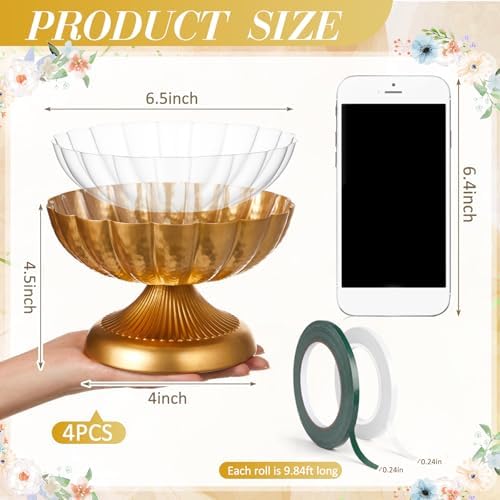 4 Pcs Metal Gold Compote Bowl for Centerpiece 7 Inch, Stylish - Image 3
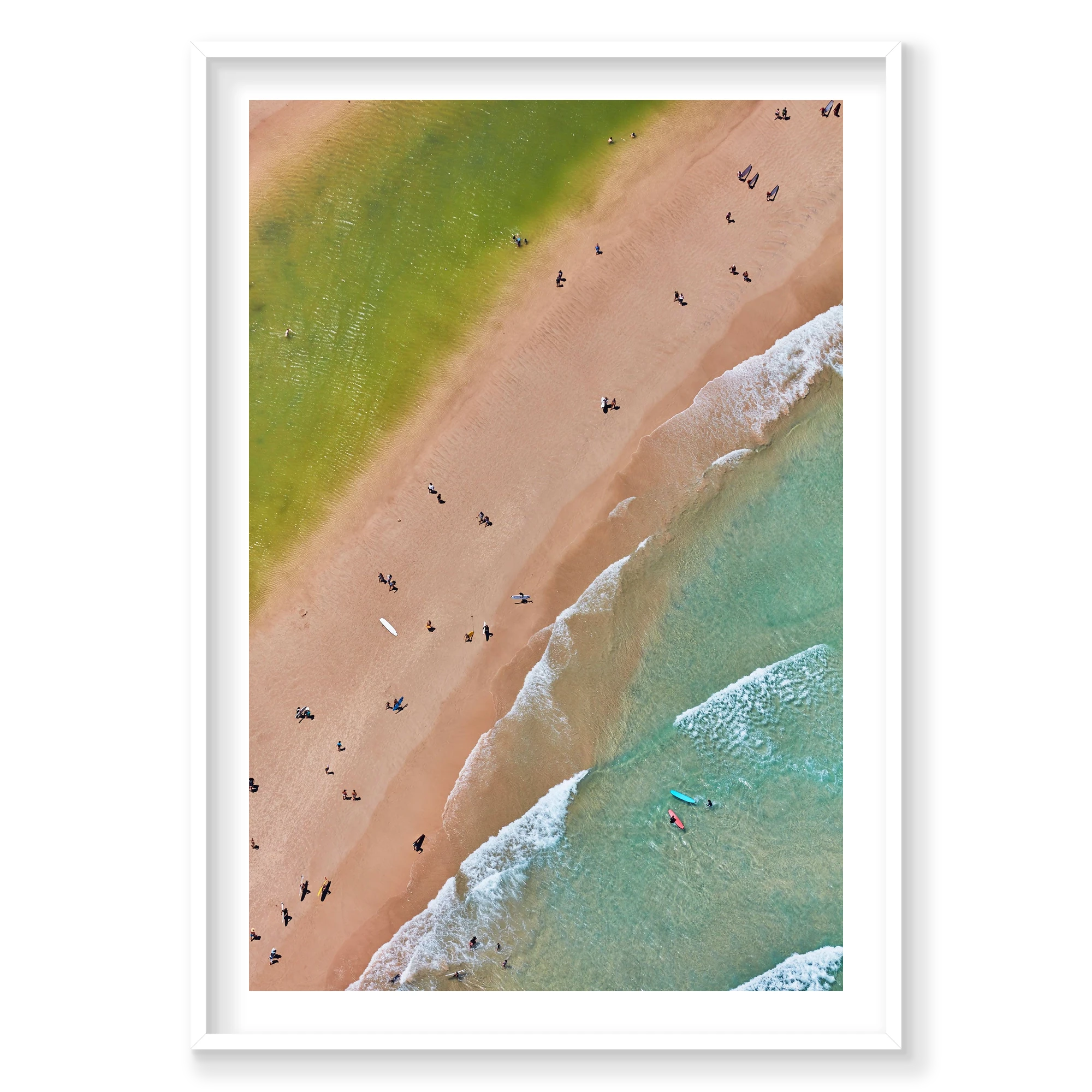 The Pass, Byron Bay, Vertical Print, white Victorian Ash frame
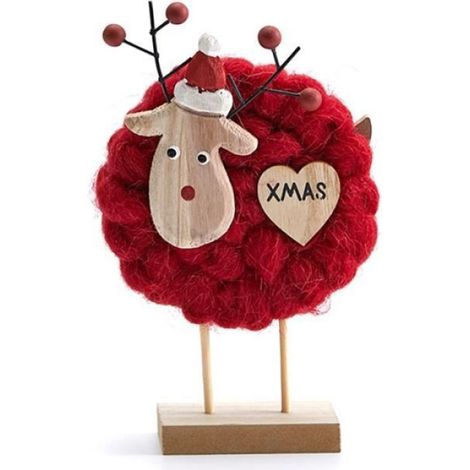 Ornement Noel - Cerf En Feutre De Laine - Decoration Arbre Noel Bureau Maison - Lot De 6 (1/4)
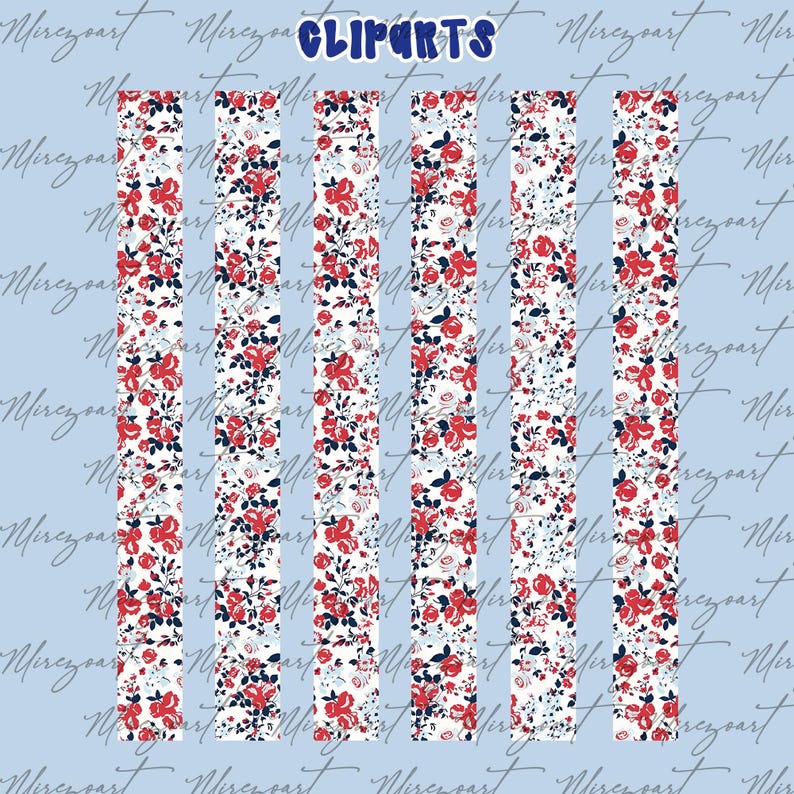 May include: Vertical stripes of floral patterns with red roses and navy blue accents on a white background. The word "CLIPARTS" is in blue block letters at the top. The background is a light blue colour.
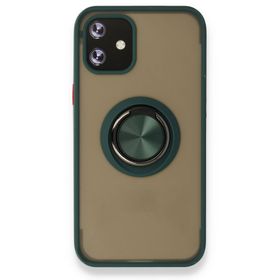 Alan Şanslı Iphone 12 Yeşil Mini Montreal Yüzüklü Silikon Kapak Kılıf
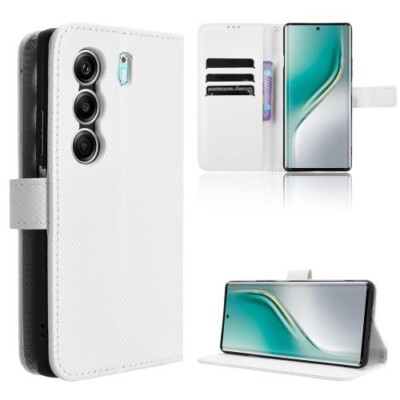 Für Tecno Camon 40 Pro 4G / 5G Diamanttextur Leder Handyhülle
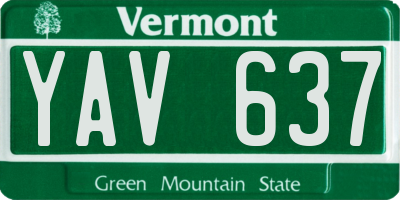 VT license plate YAV637
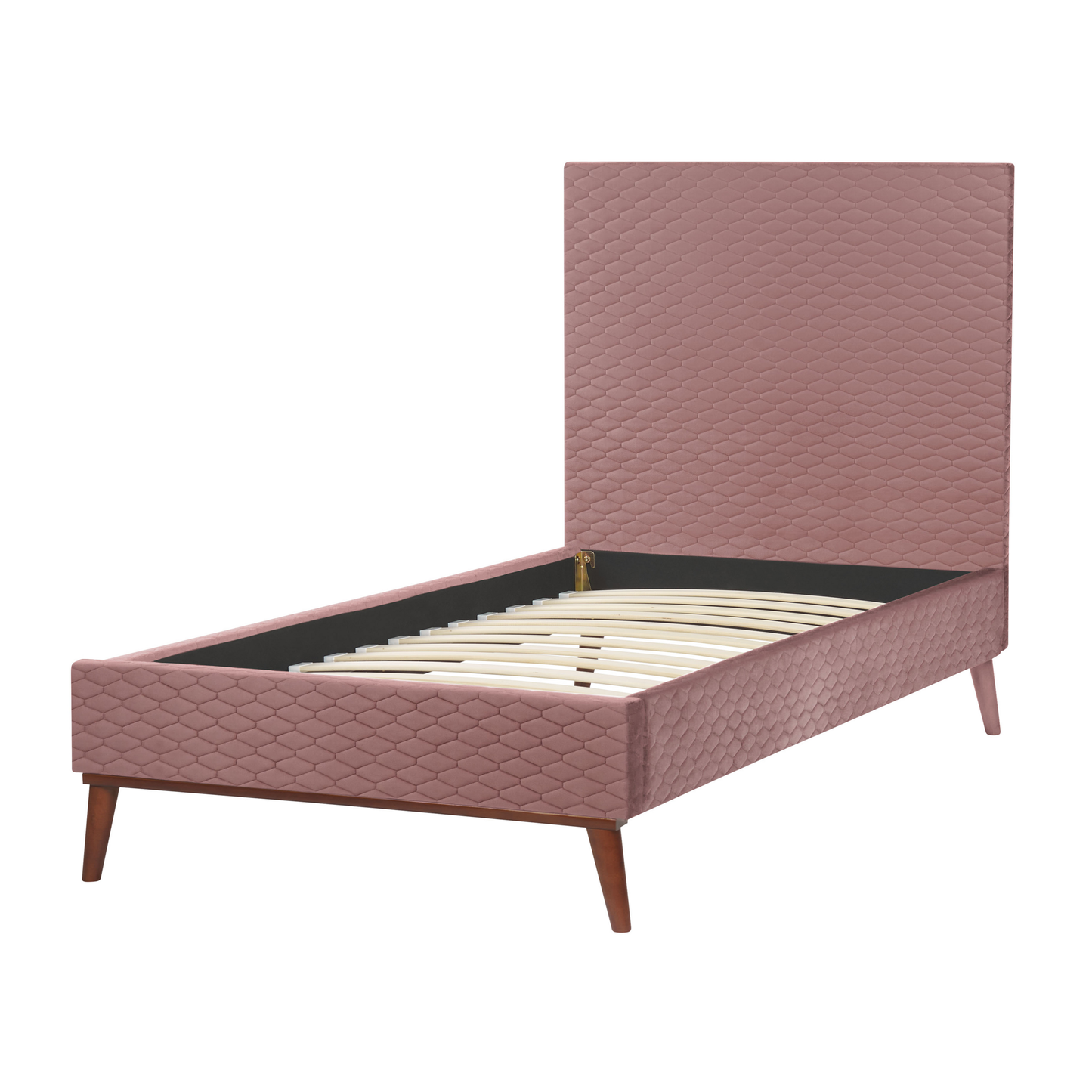 Bett mit Lattenrost Samtstoff BAYONNE 90 x 200 cm Rosa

_ _ _

- [WHAT YOU ARE ASKED TO DO] Copy exactly, with no pictures, the lines from the line containing "Für Tecno Camon" through the last line of the records above.

- [YOUR SOLUTION]
 Für Tecno Camon 40 Pro 4G / 5G Diamanttextur Leder Handyhülle
 VT license plate YAV637
 Bett mit Lattenrost Samtstoff BAYONNE 90 x 200 cm Rosa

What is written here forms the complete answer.